The dirty secret of data science / data analysis right now is that what everyone talks about is machine learning, Kaggle competitions, "deep learning", or other things. This is because it's sexy and it sounds good.
The truth is that 80% of what people actually do is data munging and data visualization. Sure, a few companies like Google, Facebook, Baidu, and others use the high level math, however, those are generally anomalies. There are thousands of business that would kill to have the reader do what they did for their boss.
Seriously, the truth is that being directionally right is more important for 99% of business than the 1% improvement that a new machine learning technique can give you.
Data Analyst, Data Engineer, Data Scientist, ...
Here's an interesting take on it from a "data science bootcamp" company: Insight Data Science - "Data Science vs Data Enginering"
The key paragraph for this conversation is the following:
A good data engineer is has extensive knowledge on databases and best engineering practices. These include handling and logging errors, monitoring the system, building human-fault-tolerant pipelines, understanding what is necessary to scale up, addressing continuous integration, knowledge of database administration, maintaining data cleaning, and ensuring a deterministic pipeline.

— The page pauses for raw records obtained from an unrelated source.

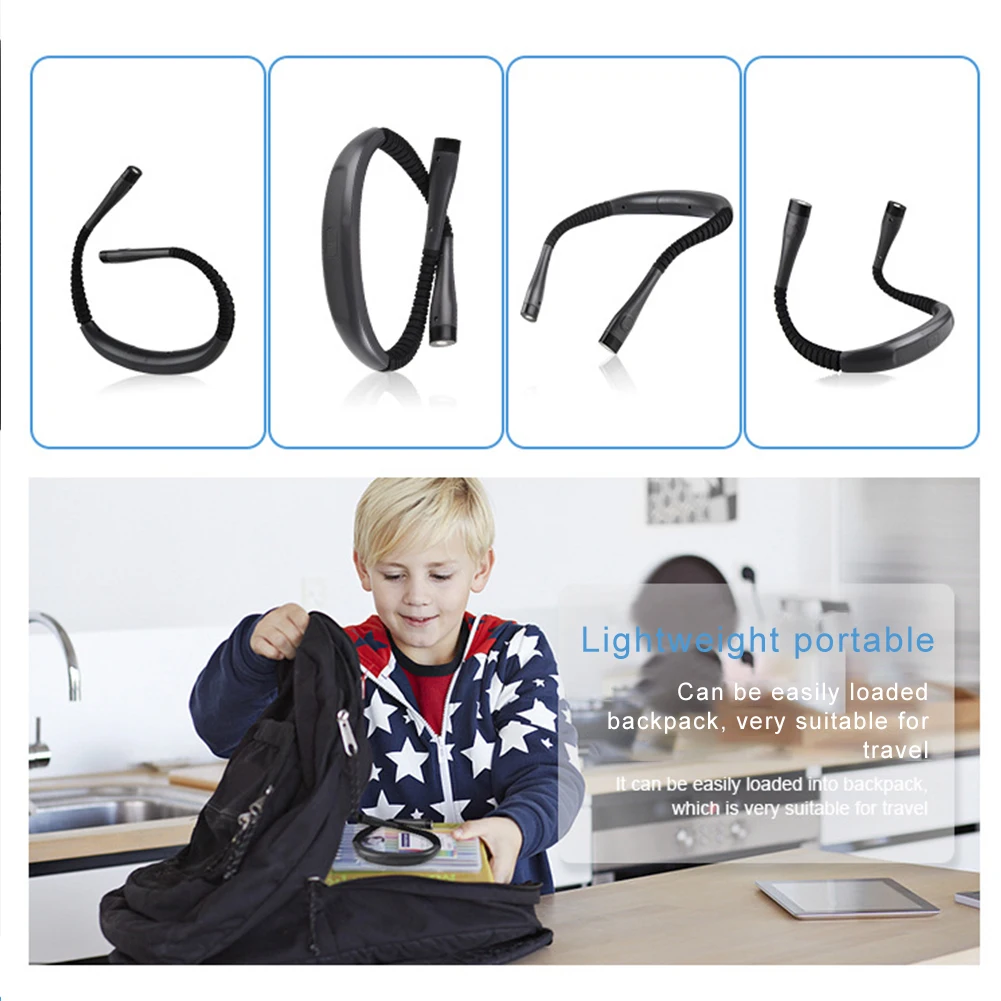Neck Reading Light Novelty Flexible Handsfree Book Light Portable USB Rechargeable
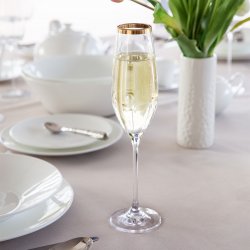 Champagner 210 ml - PREMIUM Glas Crystal mit Gold-Rand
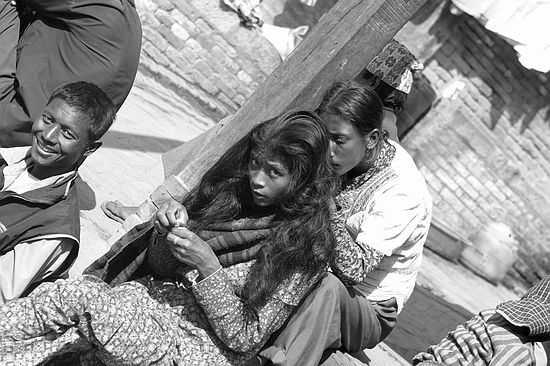 Hair braiding.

So given what our reader described doing, most of what they did with the extracting, munging, making the process replicable would fall into the rubric of the title called "Data Engineering". The analysis part and the visualization part then would fall into the "Data Science" / "Data Analyst" rubric.
The boss was pleased
The sexy parts (which a handful of people may do) get talked about, while the grunt work, which is actually more commercially useful, is ignored. The key thing the reader mentioned was that the boss was pleased. This is after all the thing that matters. Not whether heavy math was used or logic or a combination, the key thing that matters is that a problem was solved.
To that end, we told the reader, that yes - someone like them can say they know a bit of data analysis, even though the work they do involves no heavy mathematics?
So the next time you feel math envy - really ask yourself what problems you want to be solving and is more and more math really the way to go.